あなたはヘルペスという感染症を知っていますか?

体力や免疫力が落ちている時に、口の周りなどによくできる赤いプチプチした湿疹のことです。実はこのヘルペス、口の周りだけではなく陰部にも感染するんです。それが「性器ヘルペス」です。

赤ちゃんにもうつるこの感染症。症状や治療法、気をつけなければいけない注意点などをご紹介します。


性器ヘルペスってどんな病気?


性感染症の中で、クラミジアの次に多いのが性器ヘルペス。単純ヘルペスウイルスの感染が原因で起こり、何度も繰り返し再発するのが特徴です。
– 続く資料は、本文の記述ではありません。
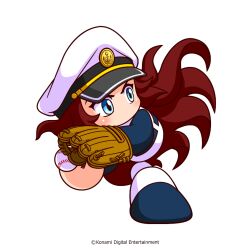 jikkyou powerful pro yakyuu fan art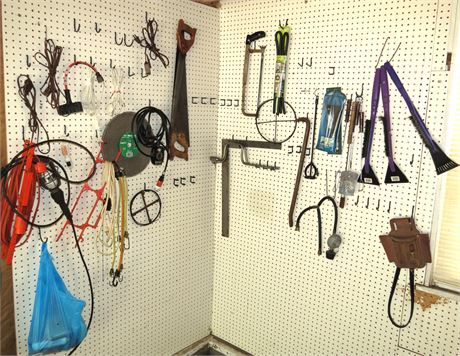 Corner Cleanout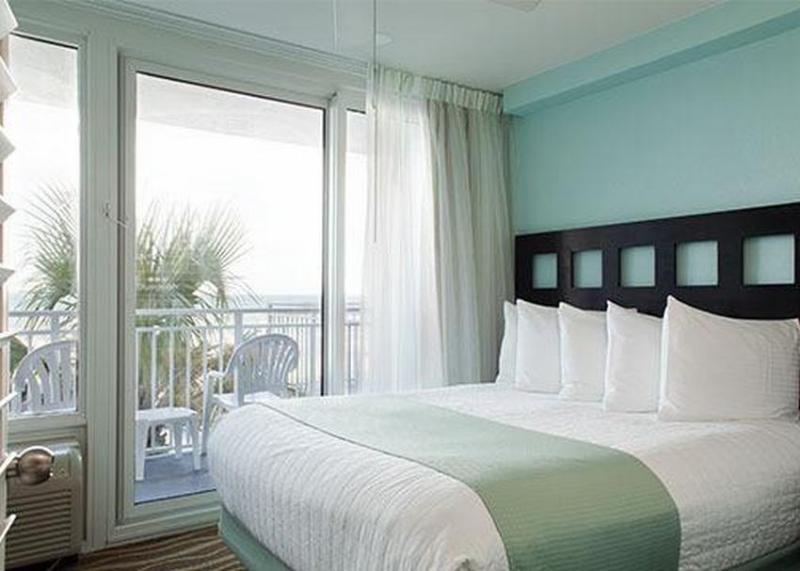 Bluegreen Vacations Daytona Seabreeze, Ascend Resort Collection Дейтона-Бич Экстерьер фото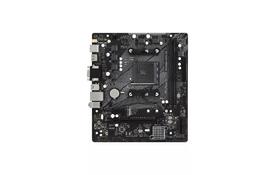Материнская плата ASRock B550M-HVS SE - Фото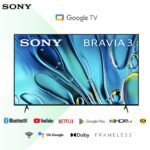 Sony 55S30 55 inch Smart Google TV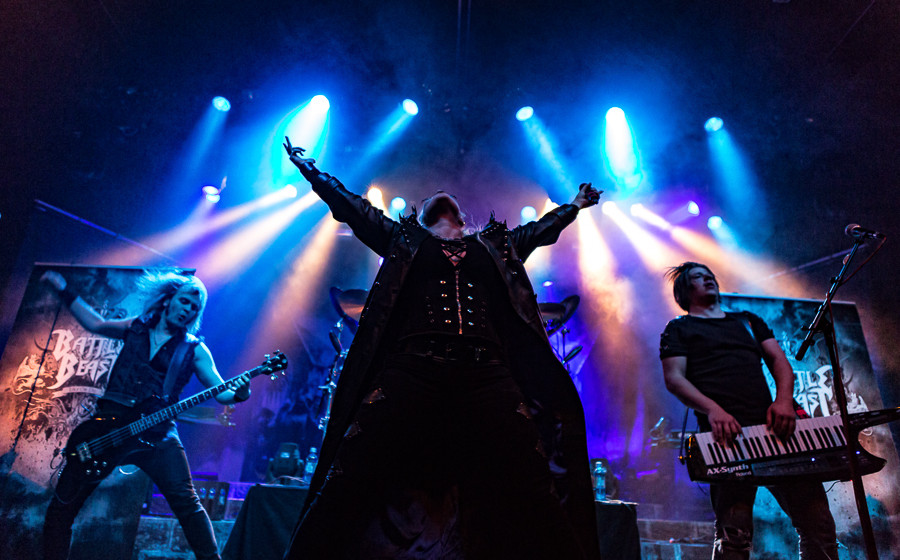 BattleBeast (1 von 2)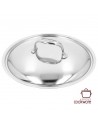 Kookpot met deksel 18 cm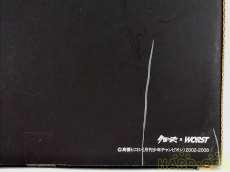 クローズ×WORST BLACK TOP MOTORCYCL|河内鉄生 六代目武装戦線 頭VER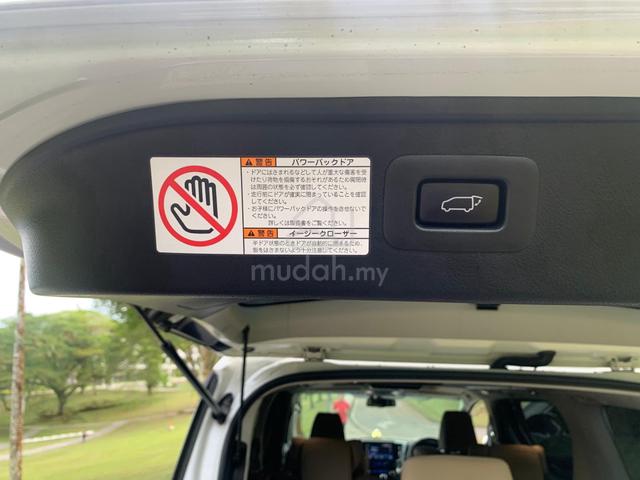 2017 Toyota VELLFIRE 2.5 Z GOLDEN EYES AGH30R (A) - 3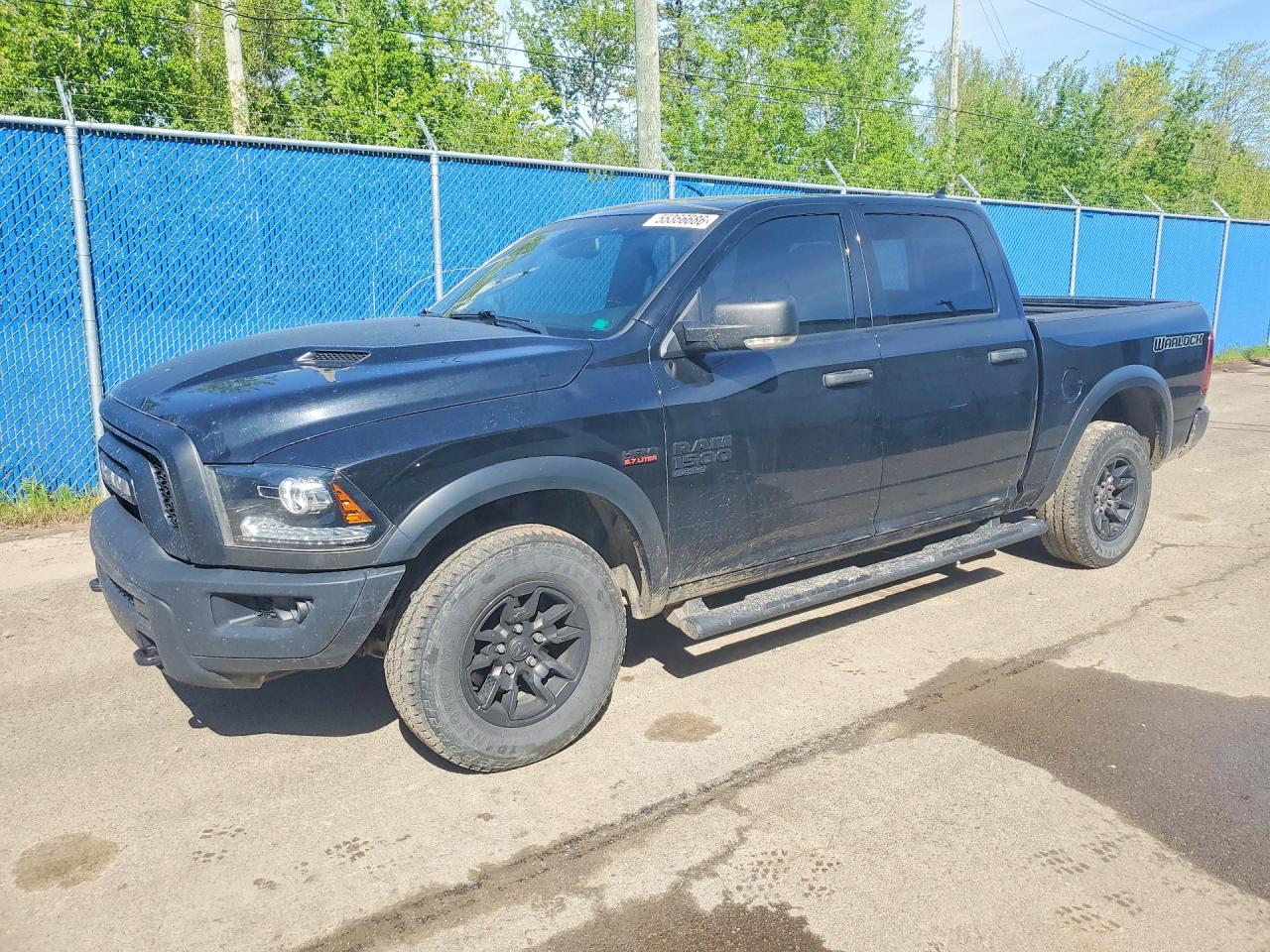 1C6RR7LT3MS553951 · 2021 RAM 1500 CLASSIC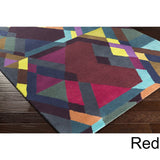 Hand-Tufted Dunbridge Wool - New Zealand Area Rug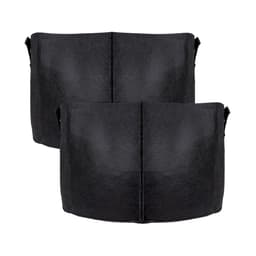 2x Planteringssäck Planteringskärl (56 l - 50 x 30 cm)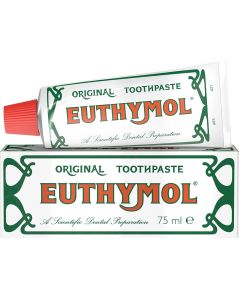 Euthymol Original Toothpaste 75ml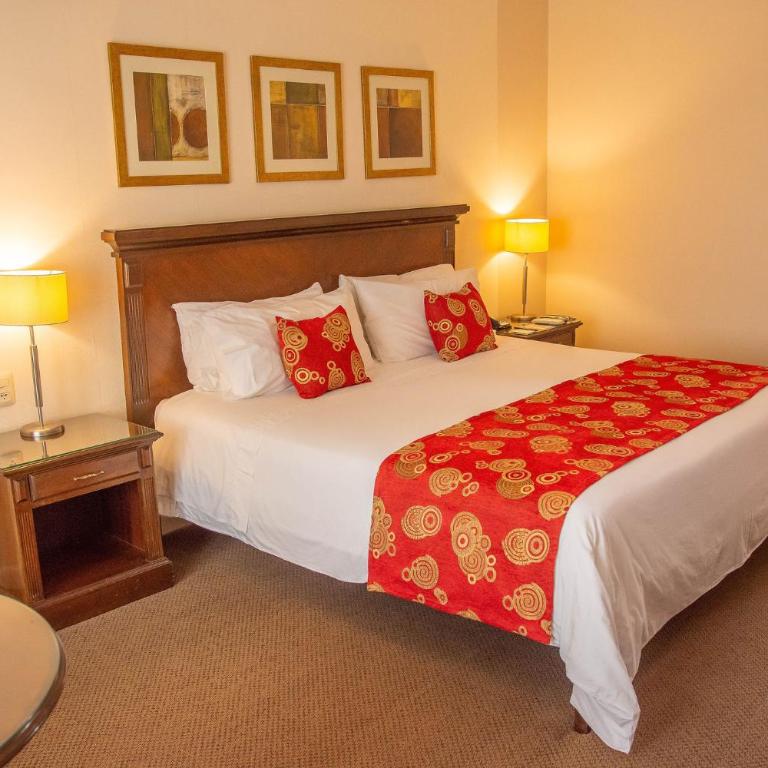 Hotel Casino Acaray - Suite Junior con cama extragrande - 2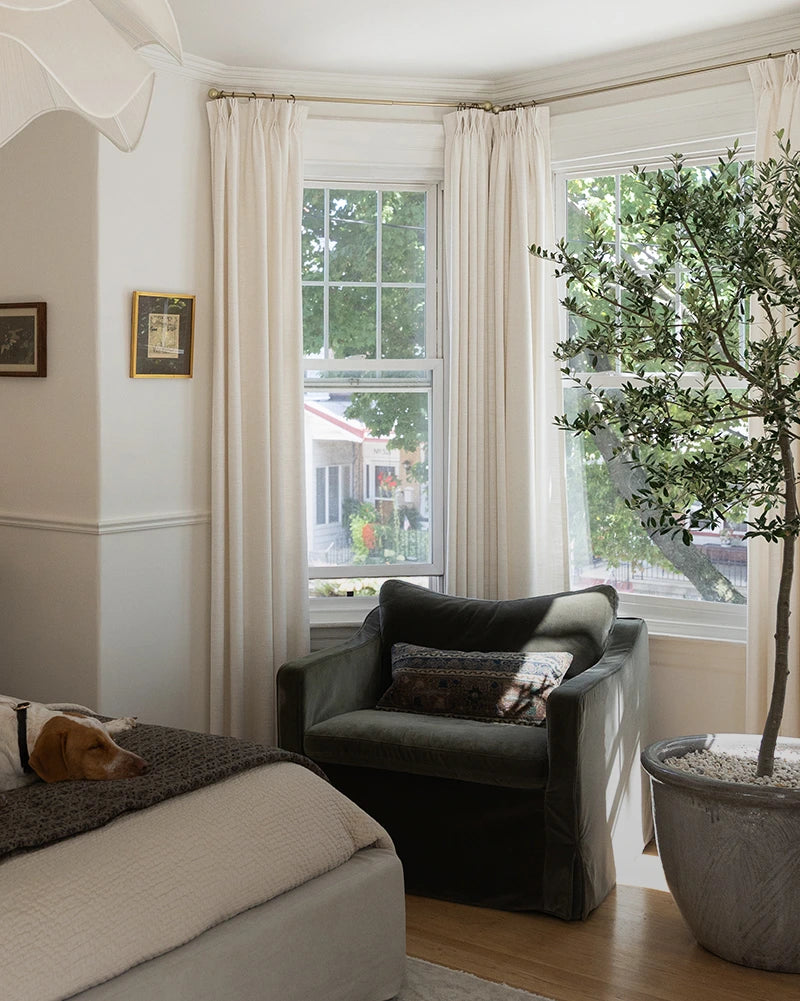 UK TWOPAGES CURTAINS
このヘルペスウイルスには2つの型があって、もともとは口の周りにすみつくタイプと性器にすみつくタイプに分かれています。ところが最近、性交渉などで口にすみつくタイプが性器にうつったり、性器にすみつくタイプが口にうつるケースが増えています。

初めての感染では、うつってから3日〜1週間ぐらいで外陰部(デリケートゾーン)に米粒より少し大きい水ぶくれができて、軽くかゆくなってきます。

その水ぶくれが破れて皮膚がただれると、下着がふれたりトイレで用をたすだけでも飛び上がるほど痛くなります。痛みがひどい人は歩けなくなることも。

このヘルペスウイルスは神経の奥に潜伏するので、一度感染すると体力が落ちた時に繰り返し再発してしまいます。最初に感染した時にくらべると症状が軽くなりますが、完全に治ることはありません。産後は夜中の授乳など赤ちゃんのお世話で体力が落ちることが多く、ヘルペスが再発しやすくなります。


性器ヘルペスの治療法と注意点



病院で性器ヘルペスと診断されると、水ぶくれやただれの症状をやわらげる塗り薬と飲み薬が処方されます。初めての感染で痛みがひどくて歩けない場合は、入院して治療する時もあります。

この感染症が怖いのは、妊娠中に感染したりヘルペスが再発した時に流産や早産を引き起こしやすくなるところです。そのうえ症状が出たまま出産(自然分娩)してしまうと、産道で感染して赤ちゃんが新生児ヘルペスにかかる可能性も高くなります。

新生児ヘルペスというのは肝機能障害や呼吸障害を起こす感染症で、放っておくと脳炎を引き起こす恐ろしい病気です!産まれてから2週間ほどで急激に症状が悪くなり、治療されなければ死亡率が80%〜90%にもなります。早期発見で命が助かっても後遺症が残る可能性が高いので、ウイルスをうつさないよう予防することが大事です。

ちなみに妊娠中に再発した場合は自然分娩で感染するのを防ぐために、帝王切開での出産が必要になります。


あとがき


ヘルペスは不規則な生活が続くと、すぐ水ぶくれができてしまう厄介な感染症です。症状が出ている時は家族に感染しやすくなるので、再発した場合は早めに薬を塗りましょう。

ヘルペスを持っている妊婦さんは、子供への感染を防ぐためにも必ず担当の医師に知らせてくださいね。